TorchSnapshotSaver¶
-
class
torchtnt.framework.callbacks.
TorchSnapshotSaver
(dirpath: str, *, save_every_n_train_steps: Optional[int] = None, save_every_n_epochs: Optional[int] = None, replicated: Optional[List[str]] = None, storage_options: Optional[Dict[str, Any]] = None)¶ A callback which periodically saves the application state during training using TorchSnapshot.
This callback supplements the application state provided by
torchtnt.unit.AppStateMixin
with the train progress, train dataloader (if applicable), and random number generator state.If used with
torchtnt.framework.fit()
, this class will also save the evaluation progress state.Checkpoints will be saved under
dirpath/epoch_{epoch}_step_{step}
where step is the total number of training steps completed across all epochs.Parameters: - dirpath – Parent directory to save snapshots to.
- save_every_n_train_steps – Frequency of steps with which to save snapshots during the train epoch. If None, no intra-epoch snapshots are generated.
- save_every_n_epochs – Frequency of epochs with which to save snapshots during training. If None, no end-of-epoch snapshots are generated.
- replicated – A glob-pattern of replicated key names that indicate which application state entries have the same state across all processes. For more information, see https://pytorch.org/torchsnapshot/main/api_reference.html#torchsnapshot.Snapshot.take .
- storage_options – storage_options: Additional keyword options for the storage plugin to use, to be passed to torchsnapshot.Snapshot. See each storage plugin’s documentation for customizations.

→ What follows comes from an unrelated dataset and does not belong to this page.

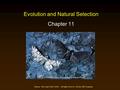 Johnson - The Living World: 3rd Ed. - All Rights Reserved - McGraw Hill Companies Evolution and Natural Selection Chapter 11 Copyright © McGraw-Hill Companies.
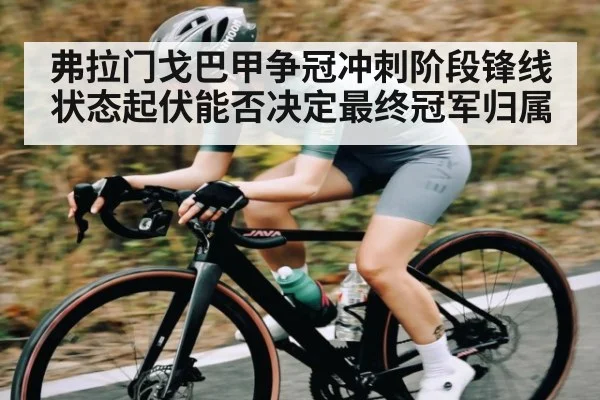 弗拉门戈巴甲争冠冲刺阶段锋线状态起伏能否决定最终冠军归属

Note: If torch.distributed is available and default process group is initialized, the constructor will call a collective operation for rank 0 to broadcast the dirpath to all other ranks
Note
If checkpointing FSDP model, you can set state_dict type calling set_state_dict_type prior to starting training.
-
property
dirpath
: str¶ Returns parent directory to save to.
-
on_exception
(state: State, unit: Union[TrainUnit[TTrainData], EvalUnit[TEvalData], PredictUnit[TPredictData]], exc: BaseException) None ¶ Hook called when an exception occurs.
-
on_train_epoch_end
(state: State, unit: TrainUnit[TTrainData]) None ¶ Hook called after a train epoch ends.
-
on_train_start
(state: State, unit: TrainUnit[TTrainData]) None ¶ Validate there’s no key collision for the app state.
-
on_train_step_end
(state: State, unit: TrainUnit[TTrainData]) None ¶ Hook called after a train step ends.
-
static
restore
(path: str, unit: AppStateMixin, *, train_dataloader: Optional[Stateful] = None, restore_train_progress: bool = True, restore_eval_progress: bool = True, storage_options: Optional[Dict[str, Any]] = None) None ¶ Utility method to restore snapshot state from a path.

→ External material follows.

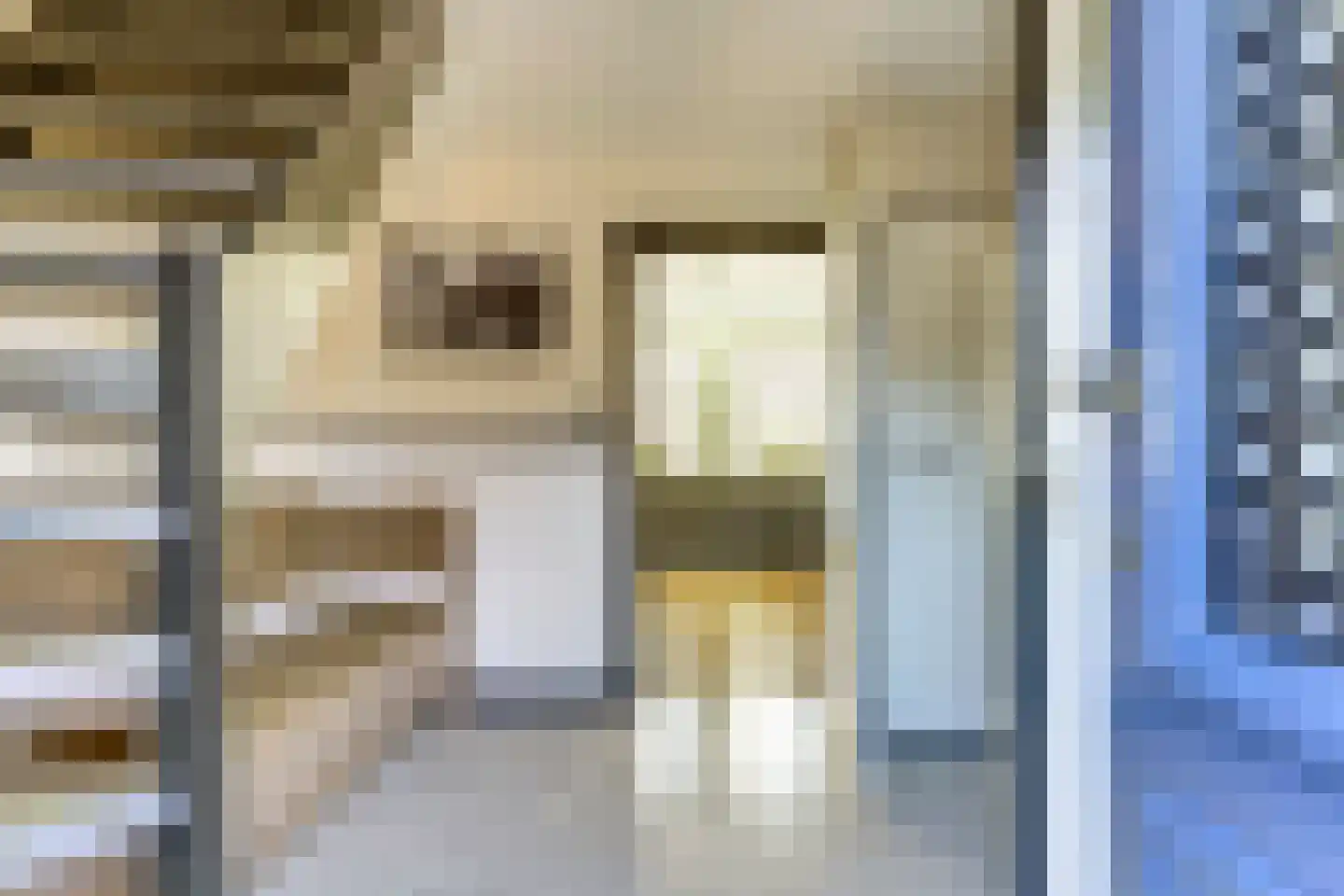 Lijster 24 Zuid-Scharwoude thumbnail 8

There are additional flags offered should the user want to skip loading the train and eval progress. By default, the train and eval progress are restored, if applicable.
Parameters: - path – Path of the snapshot to restore.
- unit – An instance of
TrainUnit
,EvalUnit
, orPredictUnit
containing states to restore. - train_dataloader – An optional train dataloader to restore.
- restore_train_progress – Whether to restore the training progress state.
- restore_eval_progress – Whether to restore the evaluation progress state.
- storage_options –
Additional keyword options for the storage plugin to use, to be passed to torchsnapshot.Snapshot. See each storage plugin’s documentation for customizations.
-
static
restore_from_latest
(dirpath: str, unit: AppStateMixin, *, train_dataloader: Optional[Stateful] = None, restore_train_progress: bool = True, restore_eval_progress: bool = True, storage_options: Optional[Dict[str, Any]] = None) bool ¶ Given a parent directory where checkpoints are saved, restore the snapshot state from the latest checkpoint in the directory.
There are additional flags offered should the user want to skip loading the train and eval progress. By default, the train and eval progress are restored, if applicable.
Parameters: - dirpath – Parent directory from which to get the latest snapshot.
- unit – An instance of
TrainUnit
,EvalUnit
, orPredictUnit
containing states to restore. - train_dataloader – An optional train dataloader to restore.
- restore_train_progress – Whether to restore the training progress state.
- restore_eval_progress – Whether to restore the evaluation progress state.
- storage_options –
Additional keyword options for the storage plugin to use, to be passed to torchsnapshot.Snapshot. See each storage plugin’s documentation for customizations.
Returns: True if the latest snapshot directory was found and successfully restored, otherwise False.